Bridging genres as it taps a real 70s scandal about a Benedictine monk’s memory-recording machine, this unique debut was a festival hit at Rotterdam, and is the year’s buzz title in eerie and stylish academia horror-noir.
A work of rigorous textual fetishism, shot on 16mm and appropriately devoted to analogue pleasures.
Chronovisor 2026
Late-night New York library research has never looked as seductive as it does in Kevin Walker and Jack Auen’s elegantly assembled, deeply chilling and cerebral horror on technology that can destabilise identity and open a portal between the living and the dead.

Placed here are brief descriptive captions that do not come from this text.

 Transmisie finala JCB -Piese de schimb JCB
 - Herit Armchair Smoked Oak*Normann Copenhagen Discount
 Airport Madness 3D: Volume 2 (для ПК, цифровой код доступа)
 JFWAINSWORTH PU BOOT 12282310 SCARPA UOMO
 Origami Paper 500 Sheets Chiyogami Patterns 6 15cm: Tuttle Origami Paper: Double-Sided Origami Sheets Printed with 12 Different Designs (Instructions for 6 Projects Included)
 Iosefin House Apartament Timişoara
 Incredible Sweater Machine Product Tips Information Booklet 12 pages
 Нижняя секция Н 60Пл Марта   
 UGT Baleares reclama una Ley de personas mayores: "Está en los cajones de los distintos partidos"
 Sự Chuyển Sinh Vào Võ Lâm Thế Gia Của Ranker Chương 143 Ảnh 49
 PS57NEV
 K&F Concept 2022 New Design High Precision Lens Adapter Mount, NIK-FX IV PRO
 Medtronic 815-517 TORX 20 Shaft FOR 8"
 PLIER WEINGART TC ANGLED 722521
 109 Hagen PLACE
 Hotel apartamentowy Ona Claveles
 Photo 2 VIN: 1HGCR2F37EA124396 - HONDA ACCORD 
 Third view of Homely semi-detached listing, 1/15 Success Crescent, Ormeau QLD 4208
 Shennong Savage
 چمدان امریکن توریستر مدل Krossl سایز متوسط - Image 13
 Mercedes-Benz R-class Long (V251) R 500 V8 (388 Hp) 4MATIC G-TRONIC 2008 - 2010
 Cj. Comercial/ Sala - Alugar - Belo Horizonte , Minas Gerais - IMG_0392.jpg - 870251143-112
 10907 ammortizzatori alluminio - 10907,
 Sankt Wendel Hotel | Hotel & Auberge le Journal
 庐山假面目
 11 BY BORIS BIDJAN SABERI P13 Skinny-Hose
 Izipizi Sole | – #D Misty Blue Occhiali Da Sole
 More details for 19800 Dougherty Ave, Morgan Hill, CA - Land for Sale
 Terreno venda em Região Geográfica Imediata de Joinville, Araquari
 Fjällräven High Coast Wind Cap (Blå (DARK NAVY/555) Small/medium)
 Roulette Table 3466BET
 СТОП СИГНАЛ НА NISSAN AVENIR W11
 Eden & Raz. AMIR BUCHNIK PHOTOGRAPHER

Beatrice Courte, a chic and obsessive French academic (played by actual professor of behavioural sciences Anne-Laure Sellier) is seeking proof of the rumoured invention and subsequent theft of the Chronovisor, a device for storing and replaying the complete collective memory of humankind. Over-exposure to it is said to ruin minds. Father Pellegrino Ernetti, a Benedictine monk and musicologist who created the machine alongside twelve physicists, claimed to have seen the Crucifixion of Christ through it, before he vanished and the Vatican suppressed the machine and all its traces.
Shot on gorgeously textured 16mm and weaving in an assemblage of actual text on the mystery, this is a romantic homage to analogue methods and a time before search engines promised access to arcane secrets, as much as it is a fitting parable for our era of all-consuming virtual realms.